● **PROBLEM STATEMENT**
A verbatim reproduction of the following listing is required; omit the pictures.

● **DATA EXTRACT**
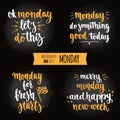 Weekdays motivation quotes big set.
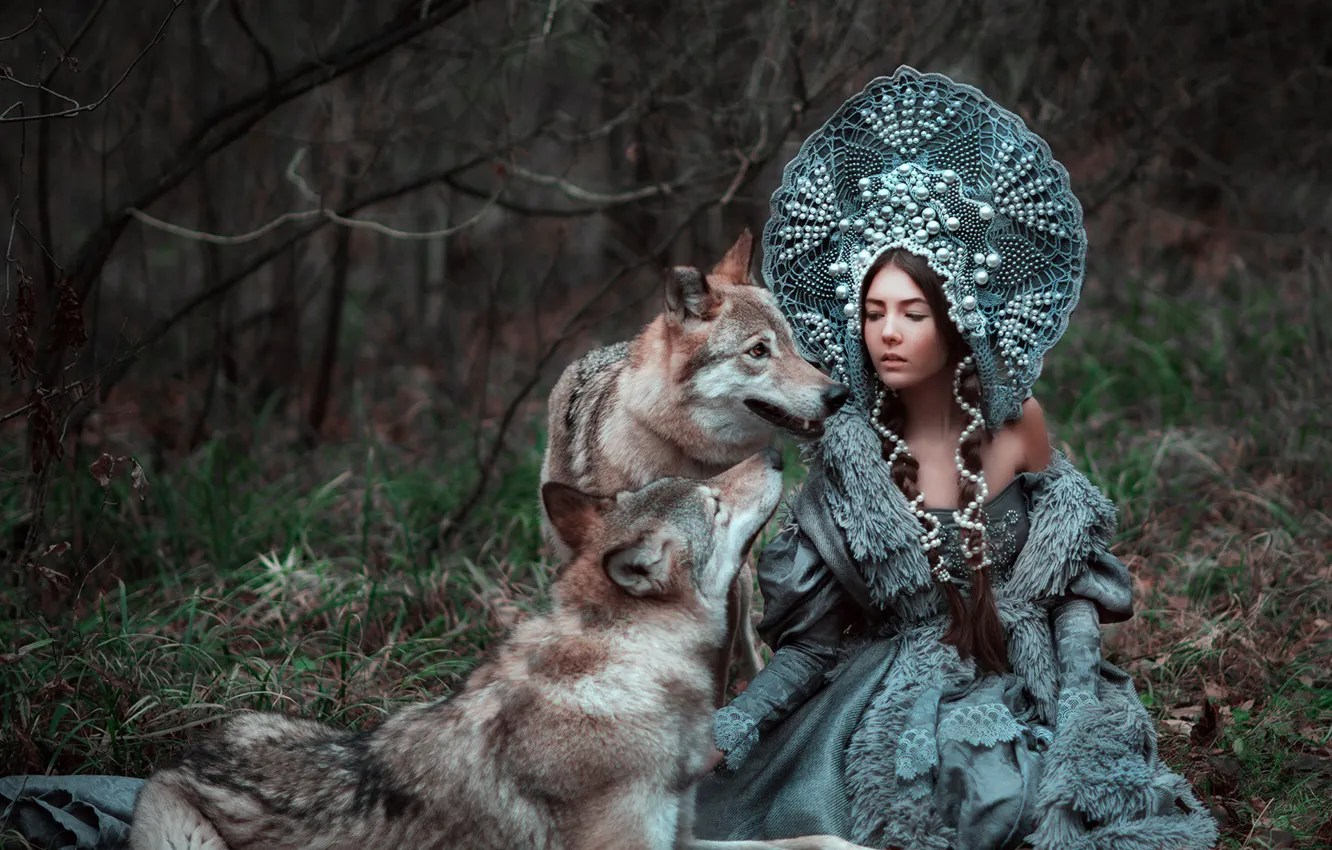 Photo wallpaper forest, girl, beauty, wolves, Xenia, kokoshnik, Maria Lipina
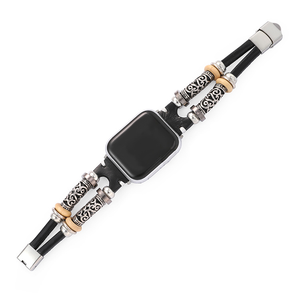 Pulsera de cuero retro hecha a mano para <span class=keywords><strong>Apple</strong></span> <span class=keywords><strong>Watch</strong></span> <span class=keywords><strong>Series</strong></span> 8 9 <span class=keywords><strong>7</strong></span> 6 5 4 3 SE, banda de metal de cuero de lujo para <span class=keywords><strong>hombre</strong></span> y mujer - Product Image 2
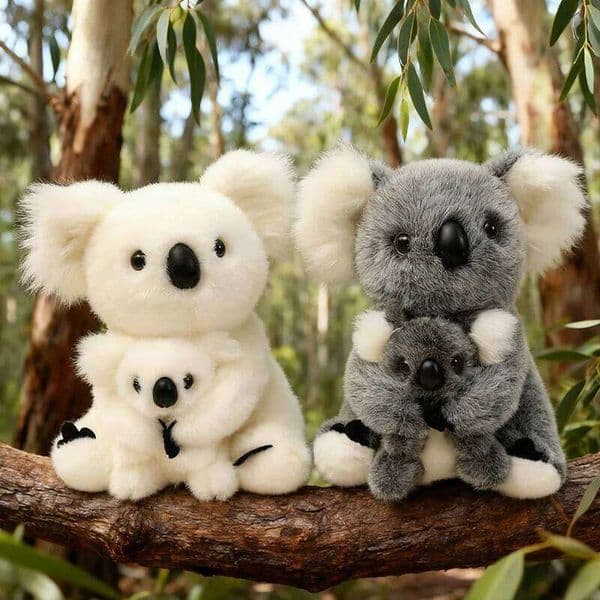 28cm Mother And Child Koalas Plush Toys Exquisite Realistic Simulation Animal Dolls Cute Desktop Decorative Item Gift For Friend W260306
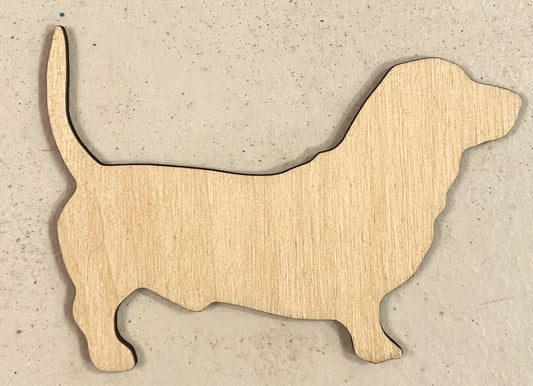 Ready to Paint Shape - 1/8" Birch - Basset Hound - S271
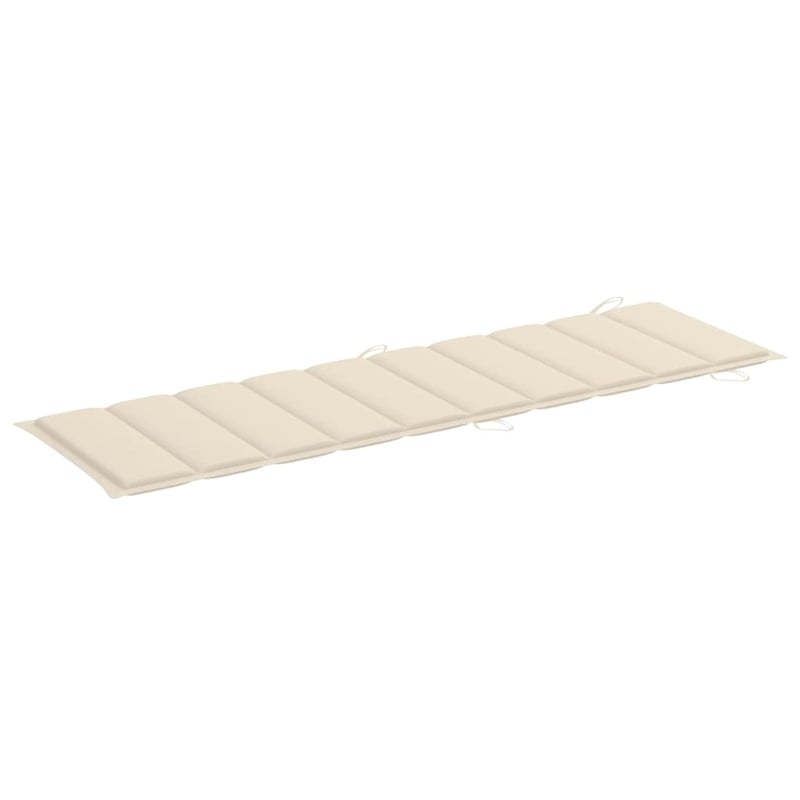 Pemberly Row Solid Acacia Wood Foldable Sun Lounger with Cushion in Cream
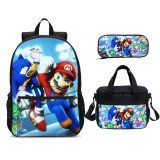 YOIYEN Mario Vs Sonic School Bag Set Wholesale Boy And Girl School Backpack 3 In 1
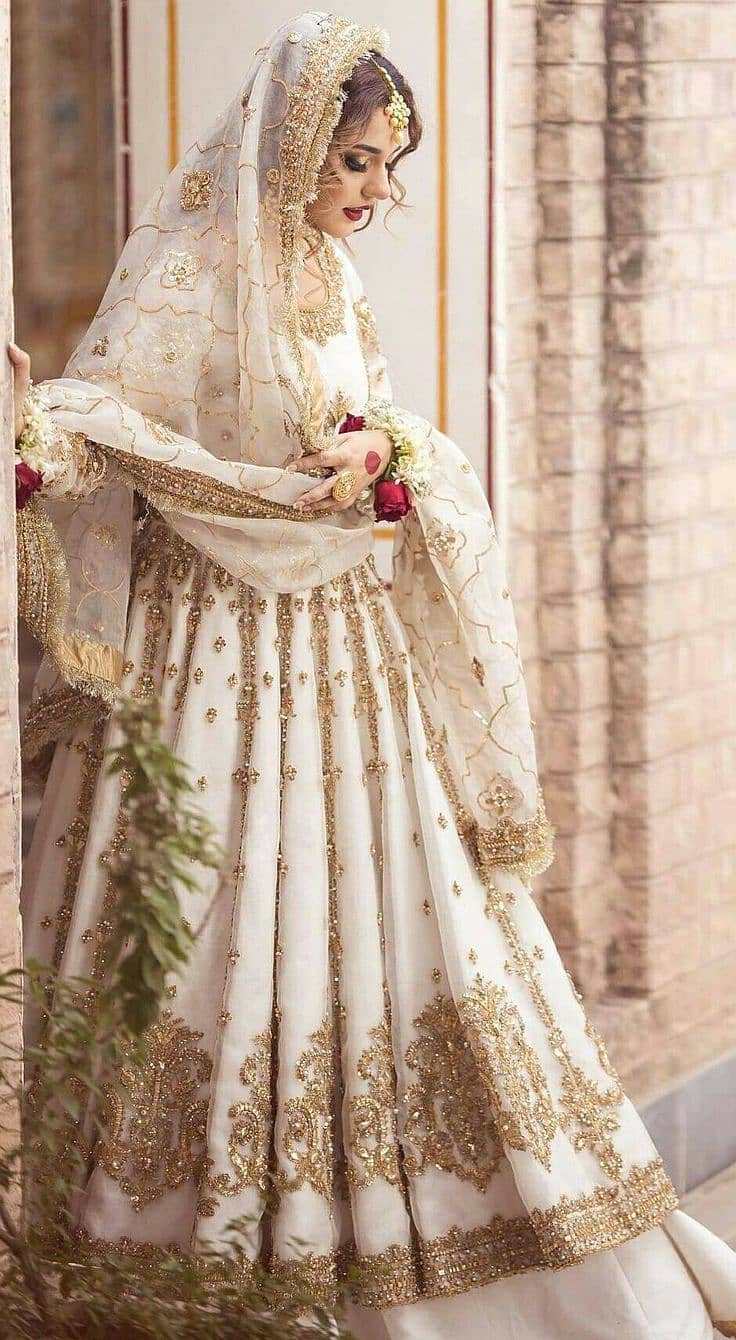 Bridal Dress | Walima Dress| Nikkah Dress | Elegant Ivory & Gold Maxi -  Bridals - 1109563999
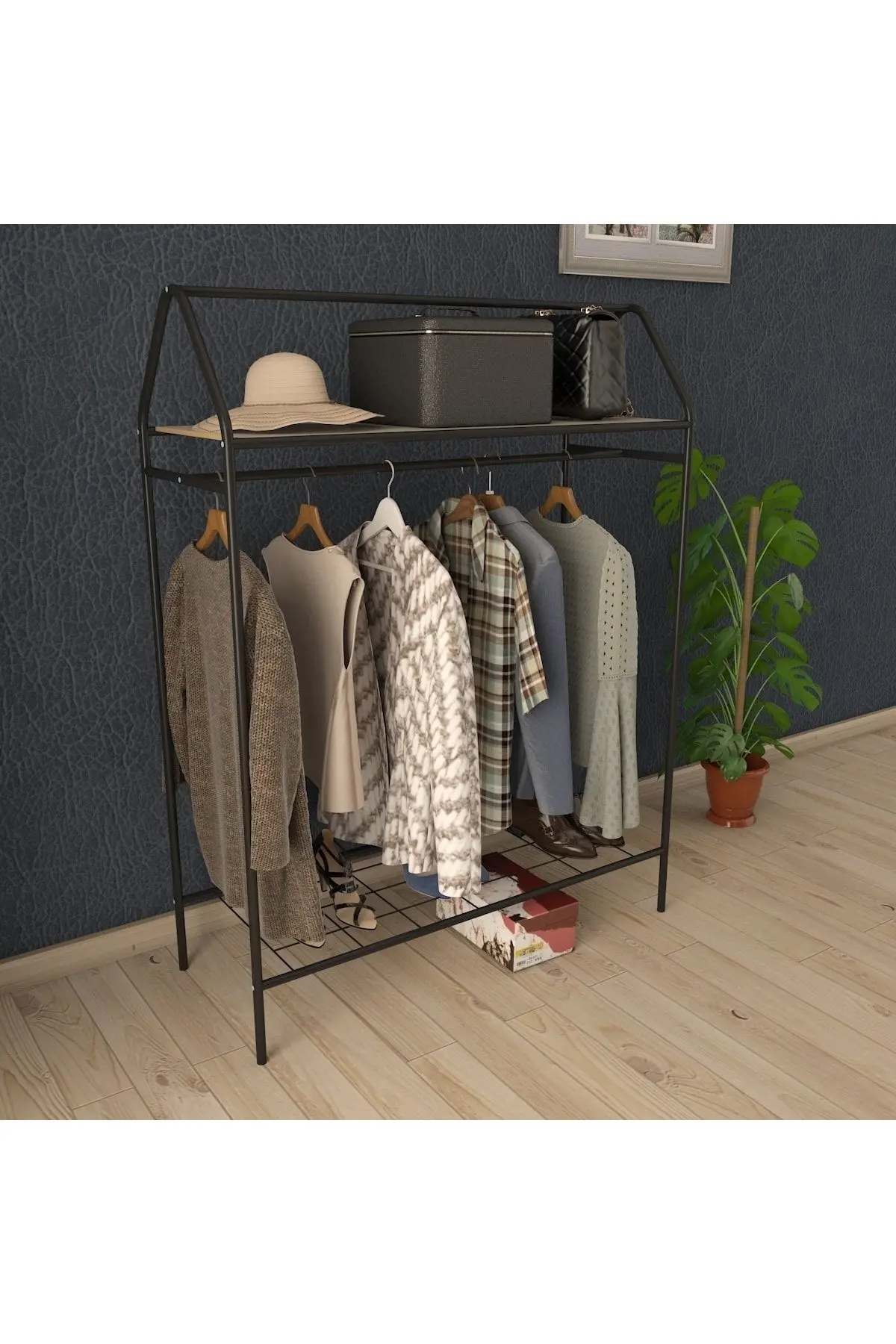Home Hanger Siyah Elbise Askılığı Raflı New Design Konfeksiyon Askısı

● **RESULT FOR THIS EXERCISE**
 Weekdays motivation quotes big set.
 Photo wallpaper forest, girl, beauty, wolves, Xenia, kokoshnik, Maria Lipina
 Pulsera de cuero retro hecha a mano para <span class=keywords><strong>Apple</strong></span> <span class=keywords><strong>Watch</strong></span> <span class=keywords><strong>Series</strong></span> 8 9 <span class=keywords><strong>7</strong></span> 6 5 4 3 SE, banda de metal de cuero de lujo para <span class=keywords><strong>hombre</strong></span> y mujer - Product Image 2
 28cm Mother And Child Koalas Plush Toys Exquisite Realistic Simulation Animal Dolls Cute Desktop Decorative Item Gift For Friend W260306
 Ready to Paint Shape - 1/8" Birch - Basset Hound - S271
 Pemberly Row Solid Acacia Wood Foldable Sun Lounger with Cushion in Cream
 YOIYEN Mario Vs Sonic School Bag Set Wholesale Boy And Girl School Backpack 3 In 1
 Bridal Dress | Walima Dress| Nikkah Dress | Elegant Ivory & Gold Maxi -  Bridals - 1109563999
Home Hanger Siyah Elbise Askılığı Raflı New Design Konfeksiyon Askısı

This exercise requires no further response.